> [ASSIGNMENT] The line containing "Small Handmade Terracotta Clay Pot with Lid" marks where copying starts, so set down that line and each one after it exactly, through the end of the records.

(Scraped caption text data)
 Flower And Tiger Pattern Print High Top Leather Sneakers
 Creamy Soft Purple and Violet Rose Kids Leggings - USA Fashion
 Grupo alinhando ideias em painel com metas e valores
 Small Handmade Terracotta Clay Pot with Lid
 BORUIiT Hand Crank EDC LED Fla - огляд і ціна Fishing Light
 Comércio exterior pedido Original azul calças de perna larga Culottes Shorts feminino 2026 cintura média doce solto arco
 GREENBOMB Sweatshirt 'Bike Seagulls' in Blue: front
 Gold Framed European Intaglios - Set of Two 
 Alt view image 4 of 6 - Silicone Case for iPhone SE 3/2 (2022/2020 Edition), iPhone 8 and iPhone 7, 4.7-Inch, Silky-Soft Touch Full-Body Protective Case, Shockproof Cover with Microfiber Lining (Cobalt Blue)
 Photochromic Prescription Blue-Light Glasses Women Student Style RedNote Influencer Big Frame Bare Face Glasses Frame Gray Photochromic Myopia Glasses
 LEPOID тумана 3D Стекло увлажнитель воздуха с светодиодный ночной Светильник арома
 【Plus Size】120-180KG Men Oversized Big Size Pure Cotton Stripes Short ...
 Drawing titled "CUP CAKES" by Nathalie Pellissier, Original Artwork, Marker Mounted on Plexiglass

> [SOLUTION TO THIS EXERCISE]
 Small Handmade Terracotta Clay Pot with Lid
 BORUIiT Hand Crank EDC LED Fla - огляд і ціна Fishing Light
 Comércio exterior pedido Original azul calças de perna larga Culottes Shorts feminino 2026 cintura média doce solto arco
 GREENBOMB Sweatshirt 'Bike Seagulls' in Blue: front
 Gold Framed European Intaglios - Set of Two 
 Alt view image 4 of 6 - Silicone Case for iPhone SE 3/2 (2022/2020 Edition), iPhone 8 and iPhone 7, 4.7-Inch, Silky-Soft Touch Full-Body Protective Case, Shockproof Cover with Microfiber Lining (Cobalt Blue)
 Photochromic Prescription Blue-Light Glasses Women Student Style RedNote Influencer Big Frame Bare Face Glasses Frame Gray Photochromic Myopia Glasses
 LEPOID тумана 3D Стекло увлажнитель воздуха с светодиодный ночной Светильник арома
 【Plus Size】120-180KG Men Oversized Big Size Pure Cotton Stripes Short ...
 Drawing titled "CUP CAKES" by Nathalie Pellissier, Original Artwork, Marker Mounted on Plexiglass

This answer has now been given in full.